There was no ambiguity about the landing spot, which was several rows behind the visitors’ bullpen in right field. The Nationals’ second hit gave them a 2-1 lead they would not relinquish behind another stellar pitching performance.

When John McLaren’s final game as interim manager was in the books, his team had put up three hits and still won their 13th game in the past 15. They haven’t lost two in a row since June 8 and 9.

“He hit one foul, and I looked at the little guy [White Sox manager Ozzie Guillen] across the field and he’s kind of nodding,” McLaren said. “And boom, he hit it again.

“Danny’s improved a lot, trust me. This guy’s batting average is going way up. To me, he’s got to be thought of as a Gold Glove second baseman … They have a good nucleus. There’s vision here, and it’s starting to come together and I think the fans of Washington deserve this because it’s been a long time.”

McLaren began the emotional end to a tumultuous four days this morning by saying goodbye, calling small groups of players into his office. Then Livan Hernandez allowed one run in 6 2/3 innings with nine strikeouts - his highest total in nearly seven years. Espinosa added the swing that sent him out a winner.

“The John McLaren era is over in Washington,” McLaren said with a smile. “Is three games an era?”

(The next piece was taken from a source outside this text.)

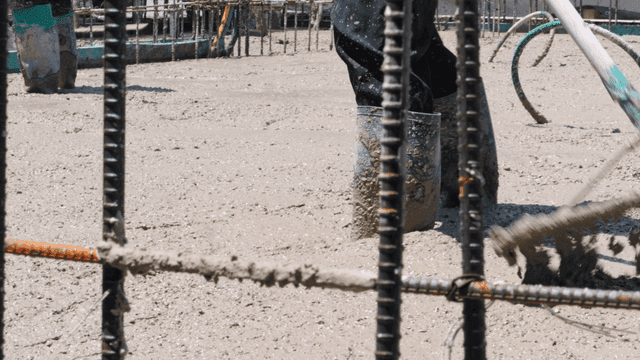 Worker smoothing wet concrete on a site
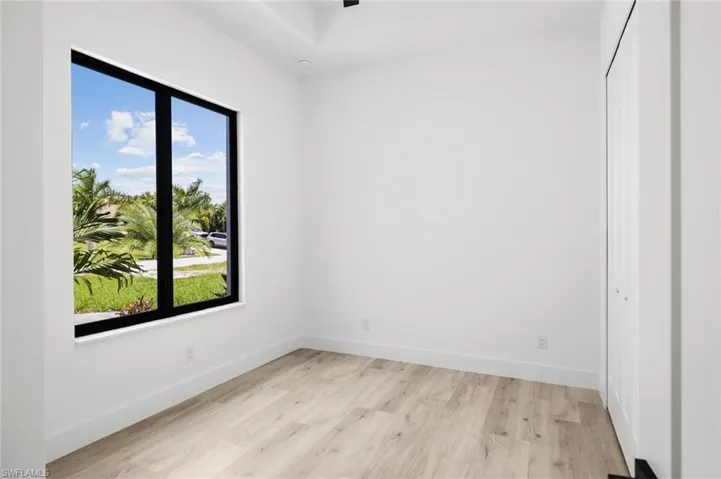 Spare room featuring plenty of natural light and light hardwood / wood-style floors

“Well, if I never manage again,” he added, “I won.”

The Nationals’ offense certainly has awoken this month, but they won Sunday using a familiar formula: pitching and defense.

Washington won its eighth game this month when scoring two or one runs a mark that’s a testament to a pitching staff that has a 2.59 ERA in June.

“This is what we do here,” Hernandez said. “We play hard for nine innings. That’s it. This is what we do now.”